No. We recommend that you enable HTTPS secure acceleration for all web pages. HTTPS secure acceleration provides the following benefits:
  • In terms of website security, if HTTPS secure acceleration is enabled for only some of your web pages, resources such as JavaScript or CSS files may be loaded over HTTP or a CDN service that does not guarantee data security. In this case, user information may be leaked. We recommend that you enable HTTPS secure acceleration for all web pages to ensure data security.
  • In terms of network performance, if HTTPS secure acceleration is enabled for only some of your web pages, requests may be redirected from HTTP URLs to HTTPS URLs or from HTTPS URLs to HTTP URLs. This decreases the content retrieval speed and degrades the network performance.
  • In terms of support for HTTPS requests, an increasing number of browsers support HTTPS requests. Search engines index more HTTPS pages than HTTP pages.

What are the common types of HTTP attack?

HTTPS is one of the methods that can be used to improve content delivery security. To ensure network security, you can integrate Alibaba Cloud CDN with Web Application Firewall (WAF) or Anti-DDoS Pro. The following list shows common HTTP attacks:

  • SQL injection: a code injection technique that is used to attack data-driven applications.
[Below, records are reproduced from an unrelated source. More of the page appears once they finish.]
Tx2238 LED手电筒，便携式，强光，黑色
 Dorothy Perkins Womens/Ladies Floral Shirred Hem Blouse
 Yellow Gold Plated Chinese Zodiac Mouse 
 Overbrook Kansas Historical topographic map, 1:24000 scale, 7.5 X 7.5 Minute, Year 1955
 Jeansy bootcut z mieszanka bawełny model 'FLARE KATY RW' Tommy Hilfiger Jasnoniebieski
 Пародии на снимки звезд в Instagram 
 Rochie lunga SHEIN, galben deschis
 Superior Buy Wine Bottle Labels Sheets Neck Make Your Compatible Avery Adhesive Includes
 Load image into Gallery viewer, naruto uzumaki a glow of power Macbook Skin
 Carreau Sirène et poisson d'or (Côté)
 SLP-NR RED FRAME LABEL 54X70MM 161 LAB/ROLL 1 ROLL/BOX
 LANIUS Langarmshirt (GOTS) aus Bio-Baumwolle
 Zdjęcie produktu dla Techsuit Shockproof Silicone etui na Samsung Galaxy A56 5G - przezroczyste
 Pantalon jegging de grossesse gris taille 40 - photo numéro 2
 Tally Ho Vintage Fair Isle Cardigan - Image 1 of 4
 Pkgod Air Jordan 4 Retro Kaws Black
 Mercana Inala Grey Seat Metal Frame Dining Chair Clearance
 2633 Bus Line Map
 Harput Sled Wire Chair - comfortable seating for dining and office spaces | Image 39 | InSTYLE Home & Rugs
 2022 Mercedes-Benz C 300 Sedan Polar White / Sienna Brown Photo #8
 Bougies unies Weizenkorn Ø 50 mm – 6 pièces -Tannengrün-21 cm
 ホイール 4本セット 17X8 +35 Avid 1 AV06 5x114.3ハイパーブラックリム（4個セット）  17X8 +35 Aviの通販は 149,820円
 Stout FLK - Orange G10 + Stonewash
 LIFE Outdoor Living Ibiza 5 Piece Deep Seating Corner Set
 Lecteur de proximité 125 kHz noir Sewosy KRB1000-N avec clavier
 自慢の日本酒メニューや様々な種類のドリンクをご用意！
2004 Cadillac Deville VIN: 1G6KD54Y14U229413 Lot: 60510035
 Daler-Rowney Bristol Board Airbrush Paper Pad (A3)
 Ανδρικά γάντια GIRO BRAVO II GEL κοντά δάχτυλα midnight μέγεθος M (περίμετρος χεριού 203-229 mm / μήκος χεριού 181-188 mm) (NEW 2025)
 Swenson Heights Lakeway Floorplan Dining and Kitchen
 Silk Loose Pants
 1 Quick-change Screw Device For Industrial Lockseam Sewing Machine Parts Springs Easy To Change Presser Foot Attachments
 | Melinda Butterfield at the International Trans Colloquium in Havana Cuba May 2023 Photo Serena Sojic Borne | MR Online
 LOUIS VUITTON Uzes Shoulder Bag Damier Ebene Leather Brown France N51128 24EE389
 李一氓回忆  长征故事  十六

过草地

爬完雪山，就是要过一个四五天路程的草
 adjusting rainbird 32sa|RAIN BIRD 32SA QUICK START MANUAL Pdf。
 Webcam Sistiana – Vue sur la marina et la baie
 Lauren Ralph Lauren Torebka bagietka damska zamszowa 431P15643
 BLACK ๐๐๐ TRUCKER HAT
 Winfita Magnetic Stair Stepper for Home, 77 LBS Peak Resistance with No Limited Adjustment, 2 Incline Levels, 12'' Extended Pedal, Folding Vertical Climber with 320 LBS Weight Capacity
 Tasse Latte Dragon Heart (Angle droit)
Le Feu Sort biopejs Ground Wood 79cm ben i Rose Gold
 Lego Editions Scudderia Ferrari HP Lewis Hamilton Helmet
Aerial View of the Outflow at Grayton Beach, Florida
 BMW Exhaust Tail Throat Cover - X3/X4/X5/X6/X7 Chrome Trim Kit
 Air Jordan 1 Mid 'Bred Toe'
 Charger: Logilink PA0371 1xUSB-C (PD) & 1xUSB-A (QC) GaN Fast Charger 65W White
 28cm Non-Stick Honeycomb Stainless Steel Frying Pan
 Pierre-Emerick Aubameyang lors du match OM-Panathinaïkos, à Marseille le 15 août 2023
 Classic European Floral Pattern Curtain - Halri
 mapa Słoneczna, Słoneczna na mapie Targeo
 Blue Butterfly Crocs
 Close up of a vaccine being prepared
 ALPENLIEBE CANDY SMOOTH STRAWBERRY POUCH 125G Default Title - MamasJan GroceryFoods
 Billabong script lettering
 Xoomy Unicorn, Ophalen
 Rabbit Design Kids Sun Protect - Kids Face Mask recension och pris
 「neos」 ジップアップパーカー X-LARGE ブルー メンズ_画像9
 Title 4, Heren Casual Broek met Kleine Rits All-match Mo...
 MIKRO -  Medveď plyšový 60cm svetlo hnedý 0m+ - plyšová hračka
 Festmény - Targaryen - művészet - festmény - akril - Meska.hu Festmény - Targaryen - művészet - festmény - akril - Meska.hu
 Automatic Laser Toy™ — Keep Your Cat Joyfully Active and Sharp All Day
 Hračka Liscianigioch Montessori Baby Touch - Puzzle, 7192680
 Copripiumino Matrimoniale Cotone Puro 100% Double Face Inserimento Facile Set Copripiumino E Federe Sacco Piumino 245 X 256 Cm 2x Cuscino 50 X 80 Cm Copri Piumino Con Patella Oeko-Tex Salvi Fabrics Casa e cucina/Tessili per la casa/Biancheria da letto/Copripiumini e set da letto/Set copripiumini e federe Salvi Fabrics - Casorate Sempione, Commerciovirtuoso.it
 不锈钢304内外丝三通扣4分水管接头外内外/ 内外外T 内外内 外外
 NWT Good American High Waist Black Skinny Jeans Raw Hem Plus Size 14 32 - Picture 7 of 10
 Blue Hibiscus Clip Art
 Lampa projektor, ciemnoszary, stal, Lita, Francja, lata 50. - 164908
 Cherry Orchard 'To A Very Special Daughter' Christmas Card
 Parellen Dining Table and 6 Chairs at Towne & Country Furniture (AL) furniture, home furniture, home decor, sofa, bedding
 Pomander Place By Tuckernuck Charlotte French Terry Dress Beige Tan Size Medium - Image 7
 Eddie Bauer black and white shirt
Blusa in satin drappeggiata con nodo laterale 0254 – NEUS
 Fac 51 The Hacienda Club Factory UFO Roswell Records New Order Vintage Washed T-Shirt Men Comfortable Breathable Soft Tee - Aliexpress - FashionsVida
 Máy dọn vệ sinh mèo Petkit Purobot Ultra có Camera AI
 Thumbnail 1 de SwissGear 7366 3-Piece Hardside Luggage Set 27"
During SQL injection, malicious SQL statements are inserted into entry fields and executed in an SQL database.
  • Cross-site scripting (XSS): a type of computer security vulnerability that is commonly found in web applications. XSS allows attackers to inject client-side scripts into web pages. When other users visit these web pages, the identities and permissions of the users are exploited to execute the injected scripts. XSS typically modifies or steals user information.
  • Cross-site request forgery (CSRF): allows attackers to forge a request after a user submits a form. Then, attackers tamper with the user data or execute a specific task. To spoof the identity of a user, CSRF is launched with XSS or based on other attack methods. For example, attackers provide a malicious link that is used to perform a CSRF attack.
  • HTTP header injection: HTTP is applied when you visit a website from a browser, regardless of the technology and framework based on which this website is designed. When data is transmitted over HTTP, a blank line lies between the header and the content of the response message. This blank line is equivalent to two carriage return (CR) and line feed (LF) character pairs (0x0D 0A). This blank line marks the end of the header and the start of the content. Attackers can exploit this vulnerability to inject characters into the header.
  • Open redirect: an attack that is commonly launched based on a phishing attack. Attackers masquerade as a trusted entity to send a user a link. After the user clicks this link, the user is redirected to a malicious website where user data may be leaked. To prevent such attacks, all redirection operations must be authenticated to ensure that users are not redirected to malicious websites. One solution to this vulnerability is to add trusted URLs to a whitelist. Any redirects to domain names that are not included in the whitelist will be denied. Another solution is to add redirect tokens to trusted URLs. Before users are redirected to URLs, these URLs will be verified based on the tokens.